### HOW TO COMPLETE THIS TASK
Could you write out, exactly as they stand, only the lines in the listing below from the line with "Honda Accord Coupe Concept 2013 года" to the line with "Used 2016 RAM 2500 SLT", both ends included, without the pictures?

### GIVEN DATA
+++

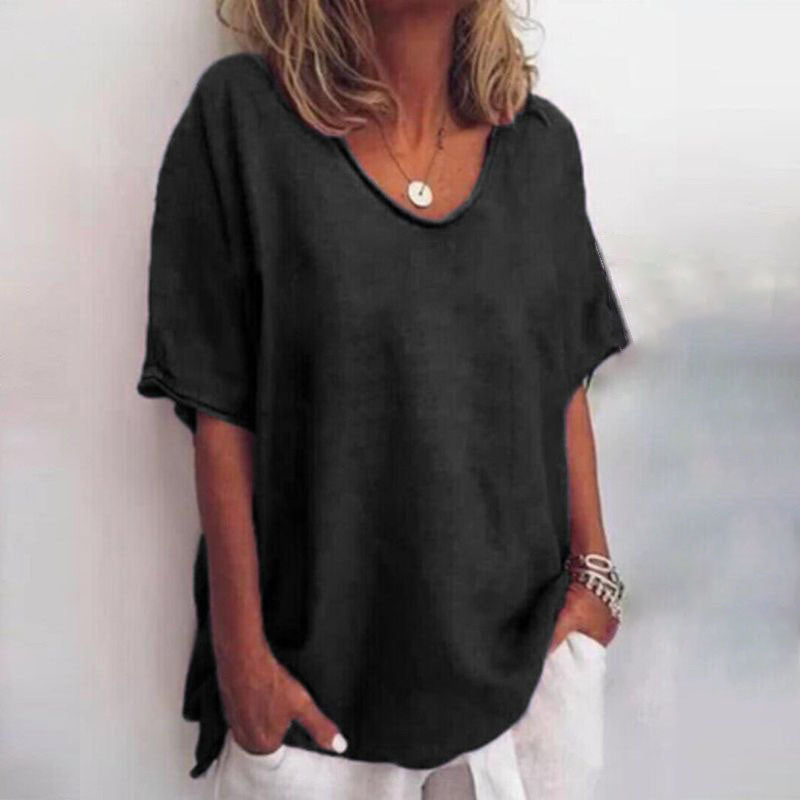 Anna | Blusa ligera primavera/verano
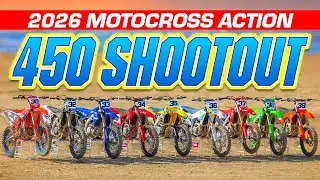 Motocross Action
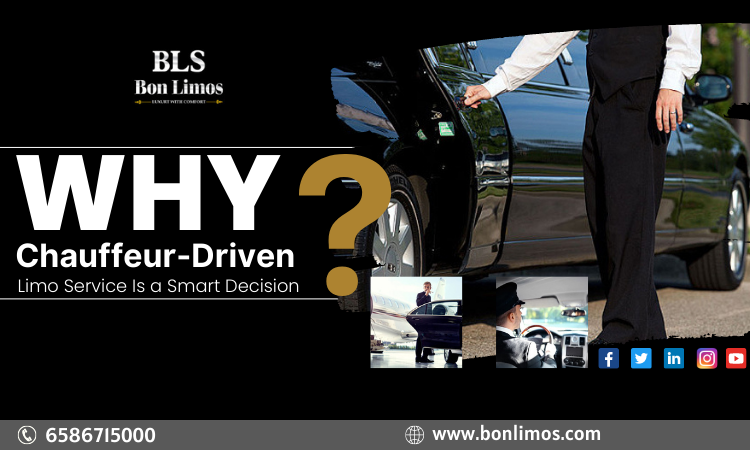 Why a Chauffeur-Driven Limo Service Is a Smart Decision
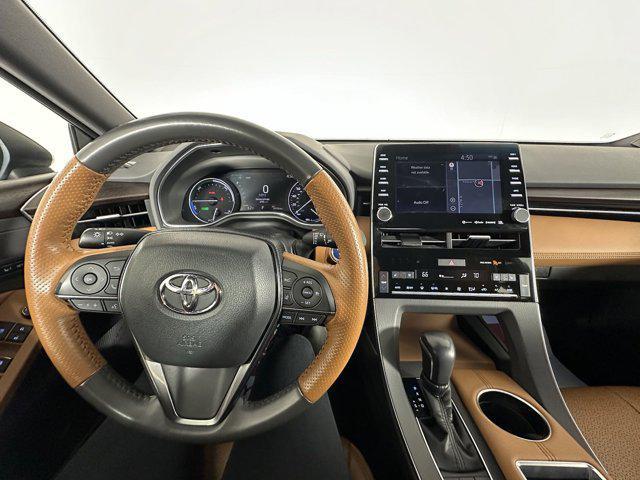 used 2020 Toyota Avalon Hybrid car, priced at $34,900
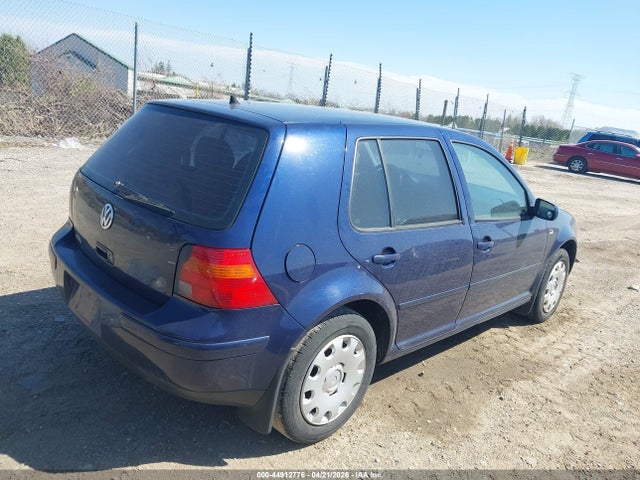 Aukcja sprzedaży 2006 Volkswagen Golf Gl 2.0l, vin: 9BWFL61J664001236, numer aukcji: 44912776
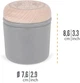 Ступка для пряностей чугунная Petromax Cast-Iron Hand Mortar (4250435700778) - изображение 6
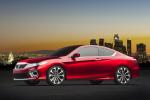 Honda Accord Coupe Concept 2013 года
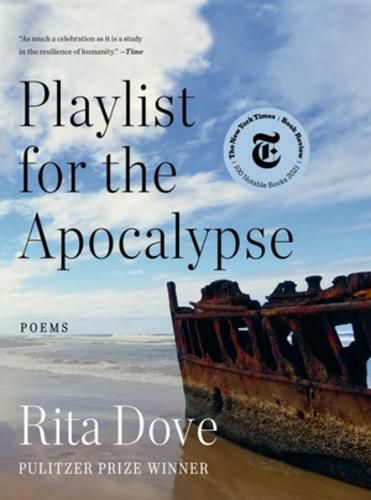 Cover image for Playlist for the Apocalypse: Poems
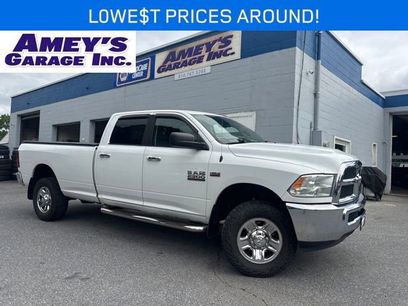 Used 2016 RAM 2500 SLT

+++

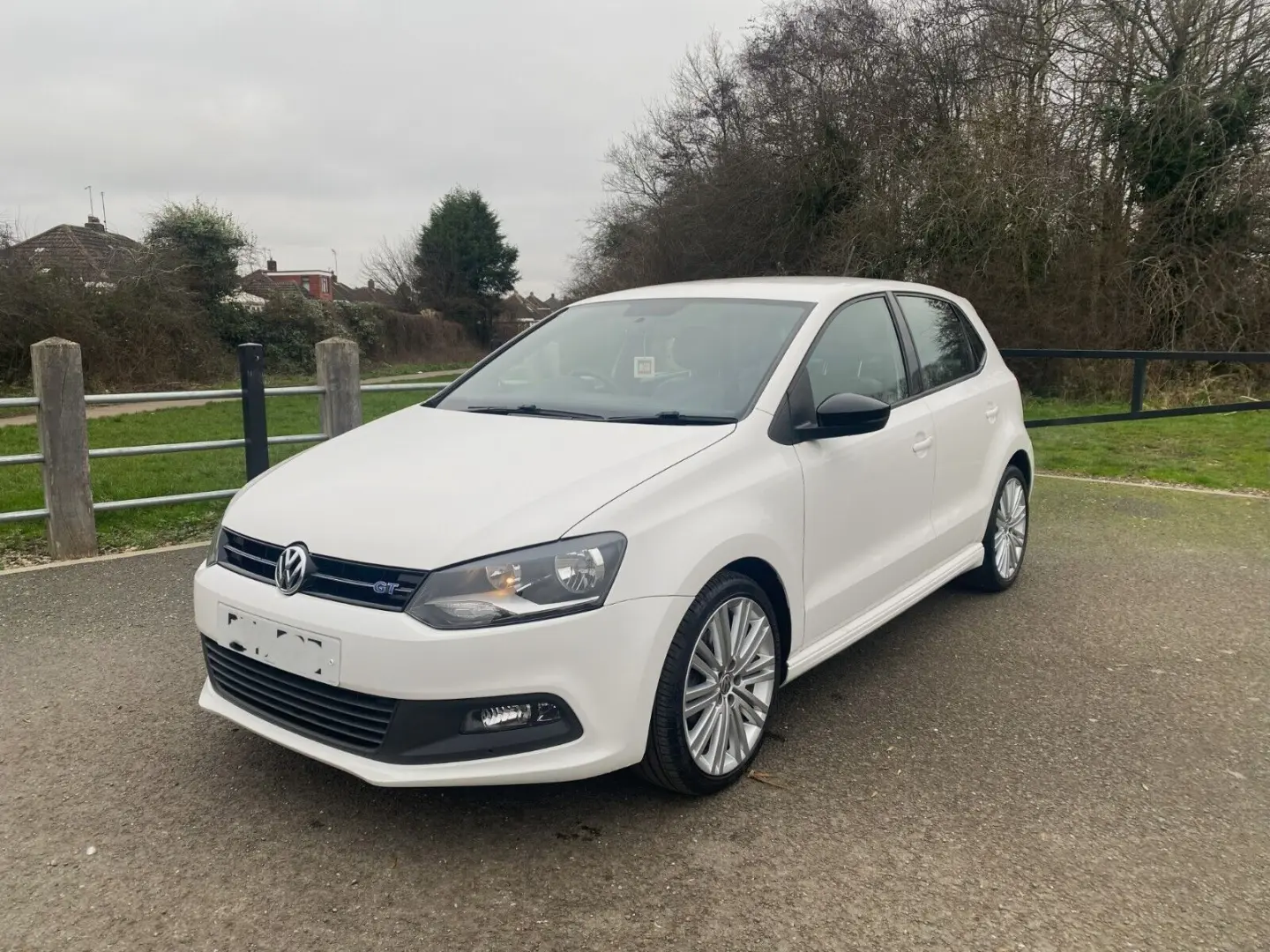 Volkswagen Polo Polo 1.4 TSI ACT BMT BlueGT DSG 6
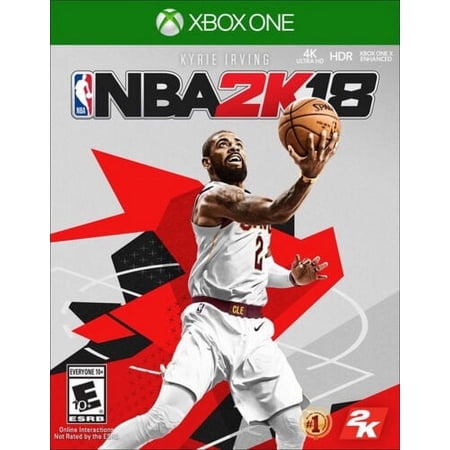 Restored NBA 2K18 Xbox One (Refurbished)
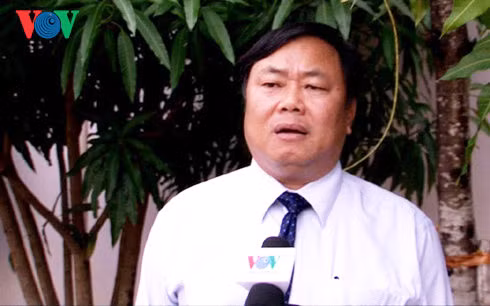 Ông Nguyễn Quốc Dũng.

+++

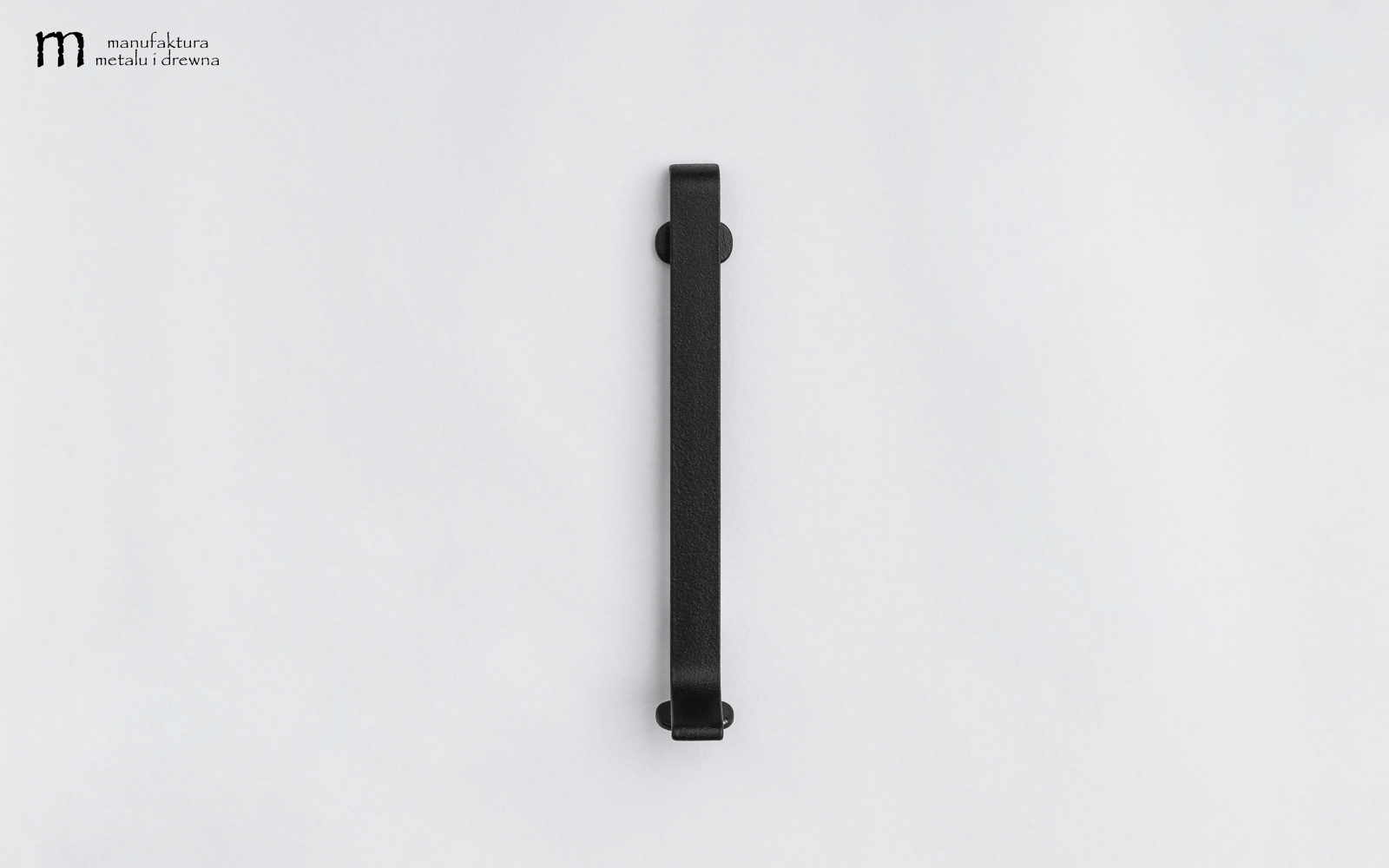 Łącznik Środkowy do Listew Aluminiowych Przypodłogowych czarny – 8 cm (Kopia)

+++

### RESPONSE TO THE EXERCISE
 Honda Accord Coupe Concept 2013 года
 Cover image for Playlist for the Apocalypse: Poems
 Used 2016 RAM 2500 SLT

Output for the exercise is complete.